If I understand correctly, you describe a flow where a single .tcl script is used and the OpenROAD binary is invoked once.
OpenROAD-flow-scripts used to have a "single .tcl script" version of the flow, but it was abandoned because it wasn't being used, maintained and there were no tests for it.
There are many flows other than OpenROAD-flow-scripts that exist on top of the OpenROAD tool. To name a few: Hammer, Zero ASIC SiliconCompiler, bazel_hdl.
None of these flows, to my knowledge, is run by a single .tcl script. The OpenROAD binary is invoked multiple times.
For these flows, OpenROAD is not the only tool being used that memory and times have to be tracked for.

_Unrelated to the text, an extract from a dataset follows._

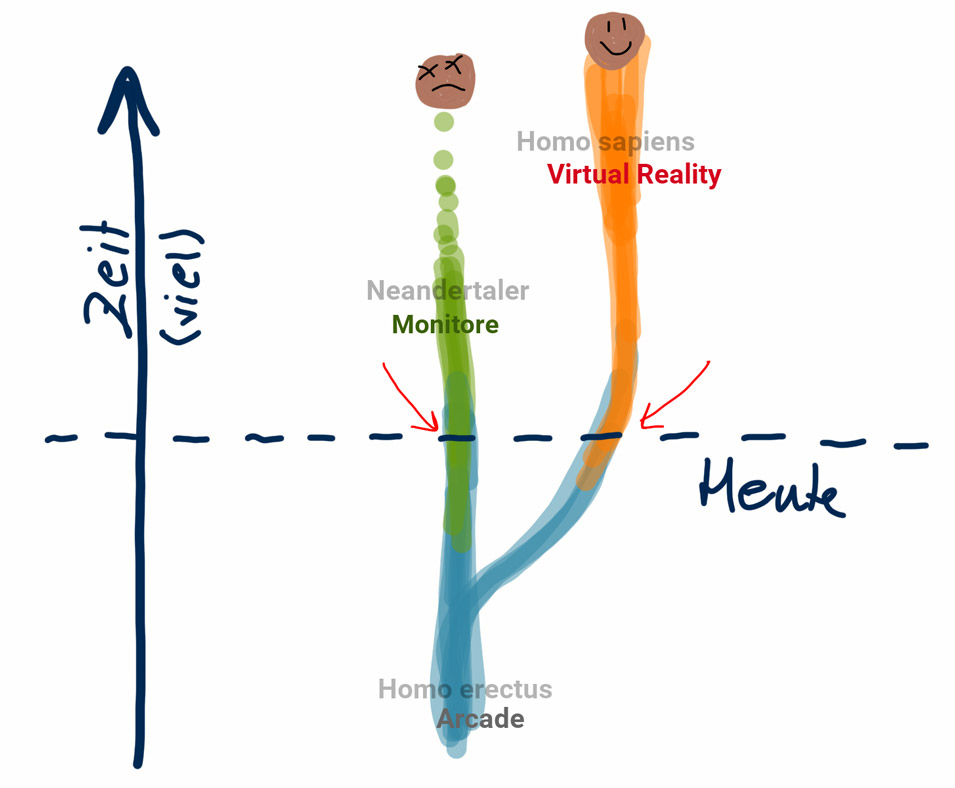 Evolutionslinien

Hence, I think today's solution where the measurement of memory usage and running times is outside of the scope of the OpenROAD binary seems to work well. There are some notable exceptions, memory consumption and running times is tracked and printed for each step within detailed routing.
So in short, I think that absent of a more specific description for changes, I think that today's solution is pretty good. It has evolved to the way it is for good reasons.
I have created log files from years ago running ispd routing testcases, using OpenRoad global and detailed route one script OpenRoad tcl script, no need to save and reload odb databases in between. It would have been nice then and even nicer now to have runtime info in the logs, alongside the information which commands were run. Both of which changed over time.
Having multiple flows to implement their own runtime logging sounds like an argument to put it into the tool itself to me. I can’t think of a p&r tool I’ve used over the decades that wouldn’t log its runtimes.
I think it is a nice to have though not a high priority. To be clear this is command level timing rather than flow step level timing so it is a bit more fine grained. In general OR doesn't have a unified approach to commands so adding this will likely happen when there is some motivating need to make commands more common. Dependencies like sta further complicate the implementation.
Detailed routing does already report its runtime so that should be present in your old logs.
It's definitely not "high priority", but very much "nice to have". Not once have I thought "gee, I wish this tool wouldn't report it's runtime or memory usage" ...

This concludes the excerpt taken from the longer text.